In what why did religion play a role in your personality?


It affected me as a human being. It was there that my manners were shaped, since religion positively influences manners and traits.  In other words, it helps to establish the main cornerstones at a very young age. It constructs the base from which you start moving on, all through your life. It links religion to life and gives one a purpose to live for.


What are the recently played tracks on your iPod?


The last thing I heard in my car were some Turkish CDs.


Out of all your songs, which is your favorite one?


It is really hard for an artist to choose between the songs he has worked on, but if I was to choose, I would say that my top favorites are “Sout” & “Ew’edouny”, from the new album “Insan”.


What was your turning point to start loving music after your hatred towards it when you were a child?


When I was 10 years old, I used to hate music because of a bad music teacher who once taught me! When I turned 17, I started realizing my musical affection.  During my secondary school years, I specifically liked playing Guitar the most.  So, I started composing.  My friends and family members admired my work and that gave me more energy to continue.


Can you tell us more about the Nomaira experience?


After leaving “Love & Peace” band, I thought of starting the band Nomaira with a group of friends, being the lead vocalist myself.  My main aim was to come up with new ideas and tunes through the teamwork ideology used in bands.  We all still work together with the same ideology until now, but not under the name Nomaira anymore.  70% of the “Dream with Me” album was done during Nomaira’s days, as well as “Sout” from “Insan” Album.  It was an amazing experience, and a time through which I got enough practice on singing and composing through almost 20 or 30 live concerts.


What are your plans on International level?


This is how I think about it.  I have three different levels to focus on; Egypt, the Arab World and Internationally. They can be better thought of as three circles inside one another.  The closest circle, being the Egyptian public, is the one I’m working on right now, disregarding the different circumstances that the country is passing through. The second circle is the one of the Arab World.  The song “Heila Heila” is a great example for art directed at this level. The farthest circle is that of International level.  For the time being, I have no plans in that aspect.  I’m focusing more on the previous two circles.
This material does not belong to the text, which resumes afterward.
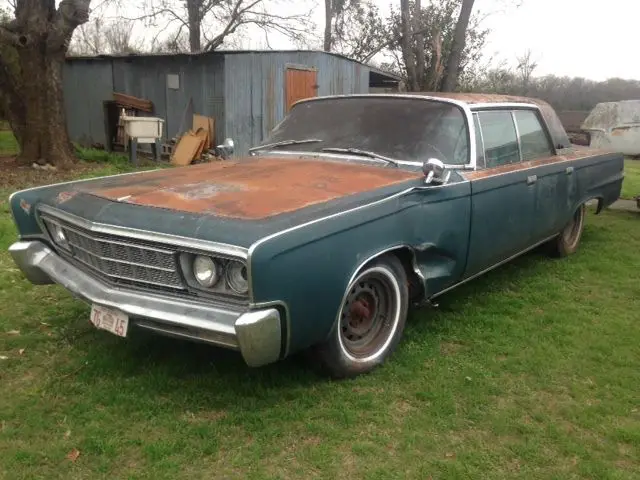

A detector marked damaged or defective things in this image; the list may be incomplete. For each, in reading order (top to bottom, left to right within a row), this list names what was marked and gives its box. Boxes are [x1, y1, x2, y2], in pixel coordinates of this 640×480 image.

Maybe I’d start focusing on it sometime in the future, but right now I have hardly enough time for the other two.


What do you advise young musicians in the scene?


Don’t ask for fame or money.


How did you find the “Ala el Ahwa” experience?


It was a really interesting and new experience.  People used to portray the café (the ahwa) as a bad place where worthless people sit together with nothing to do other than smoking and harming their health.  It was a challenge for me because I wanted to portray that experience from a different perspective; a more positive one. 


When I go to a café, I usually enjoy being with my friends, talking about problems, fears and concerns, and mingling with people from all walks of life.  It is a main part of the Egyptian culture.  So I thought that portraying the positives of such an experience would deepen the Egyptian identity and patriotism. What made it an even more special experience was the fact that the amazing Ahmad Yunis used it as the title for his radio program “A’l Ahwa” on Nogoum FM, and gave it much more exposure. 


Other than music, what do you like to do?


I like reading and I enjoy writing.  I also spend my spare time with my family.  I enjoy traveling inside Egypt with them.


How do you see the music scene in Egypt in the coming 5 years?


I’m optimistic. The musical conI’m optimistic. The musical content in Egypt is going to develop greatly.  People need songs that portray how they really feel, and artists are starting to understand this and act accordingly.  Shallow songs that were being produced in the past are vanishing and new useful and respectable art is on its way to spread through the community.  The need for this has already been established.   People need art that addresses their minds and souls not shallow art that is only done to sell. I also think that the music industry as a whole will start booming, and people will stop downloading songs and videos illegally.  Their morals will not permit them to do this anymore; they would choose to support such good art instead.


Do you know what women want?


They want the exact same things like men. They need to be understood.  Women also need to express what they have inside, to convey their ideas and beliefs, and to find someone attentively listening to them along the way.